Supreme Court refuses to hear case of Black man locked in solitary confinement for three years
Monday's judgment contradicts a 1979 decision by former Justice Anthony Kennedy, then an Appeals Court judge, who wrote that frequent outdoor exercise is critical to inmates' well-being.
The Supreme Court will not hear the case of a Black man who spent three years in solitary confinement in an Illinois correctional facility with no access to the outside or opportunity to exercise.
According to HuffPost, the United States Court of Appeals for the Seventh Circuit in March 2022 dismissed Michael Johnson’s claims that solitary confinement combined with a lack of outdoor time violates the Eighth Amendment. Johnson — who has been diagnosed with several mental health disorders, including severe depression and bipolar disorder — and his lawyers appealed to the Supreme Court, which rejected his motion on Monday.
However, justices Ketanji Brown Jackson, Sonia Sotomayor and Elena Kagan dissented from the high court’s ruling in Johnson v. Prentice, calling it an “indisputable legal error.”
“For three years, Johnson had no opportunity at all to stretch his limbs or breathe fresh air,” Jackson wrote. “Johnson’s mental state deteriorated rapidly. He suffered from hallucinations, excoriated his own flesh, urinated and defecated on himself, and smeared feces all over his body and cell.”

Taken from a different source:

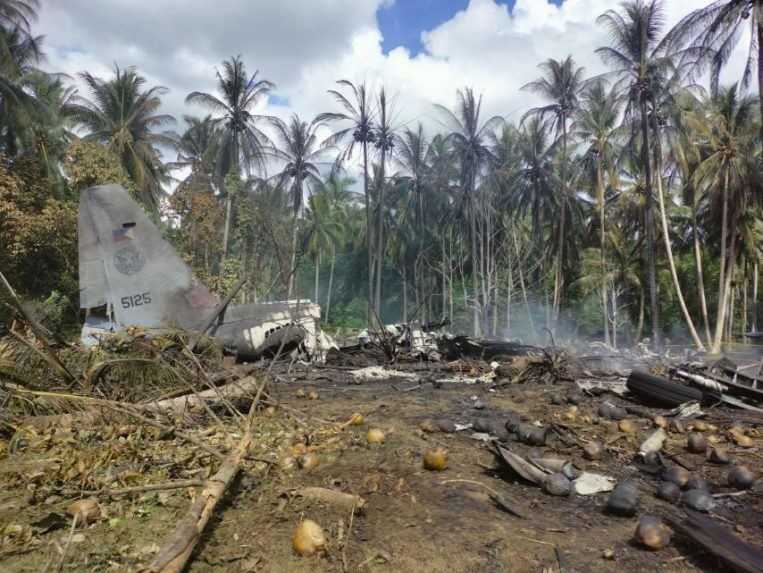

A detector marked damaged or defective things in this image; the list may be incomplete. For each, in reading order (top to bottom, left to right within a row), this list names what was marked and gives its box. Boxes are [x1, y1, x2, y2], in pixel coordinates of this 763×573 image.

crashed airplane tail fin [78, 183, 218, 330]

The Illinois Department of Corrections told HuffPost it is assessing the court’s decision.
According to The New York Times, Johnson was incarcerated at Pontiac Correctional Center since 2007 for a conviction linked to a home invasion and assault.
Prison officials revoked his “yard privileges” — or opportunity to exercise outside — beginning in 2013 due to “countless” incidents of prison infractions.
He was barred from exercising, which is generally permitted for solitary confinement detainees, as prison authorities “stacked” 30- to 90-day limitations on him. Except for a 10-minute weekly shower, the repeated restrictions tallied up to roughly three years, two consecutive.
Johnson was pleading for a transfer to a mental health unit the entire time. In June 2016, he sued prison officials, claiming the lengthy prohibition of exercise violated the Constitution. The transfer was authorized two months later.
According to HuffPost, Johnson’s counsel contended that the deprivation was imposed not to preserve the safety and security of the exercise yard but rather to punish him for misbehaving due to mental illness and not related to exercise.
Johnson grew suicidal and occasionally participated in wrongdoing in the hope that prison guards would beat him to death, Jackson wrote in the dissent, claiming that his treatment was proof of “unconstitutional deliberate indifference.”
Daniel Greenfield, an attorney for Johnson, said they are “grateful” for the dissent but “saddened to live in an era where imposing such cruelty, let alone on a person known to suffer from mental illness, is acceptable to any federal judge.”
According to The Times, Monday’s judgment contradicts a 1979 decision by former Supreme Court Justice Anthony Kennedy. An Appeals Court judge at the time, Kennedy opined then that frequent outdoor exercise is critical to inmates’ psychological and physical well-being.
Several human rights organizations have denounced the use of solitary confinement, comparing it to torture and asserting that it violates the Eighth Amendment, HuffPost reported.
President Joe Biden promised to end the use of solitary confinement, but it has only gotten more common in federal prisons, according to HuffPost, referencing NBC News.
“Three years of 24/7 solitary confinement, unrelieved by any opportunity for exercise, would have appalled the Founders,” Greenfield said. “It should be no less shocking to us today.”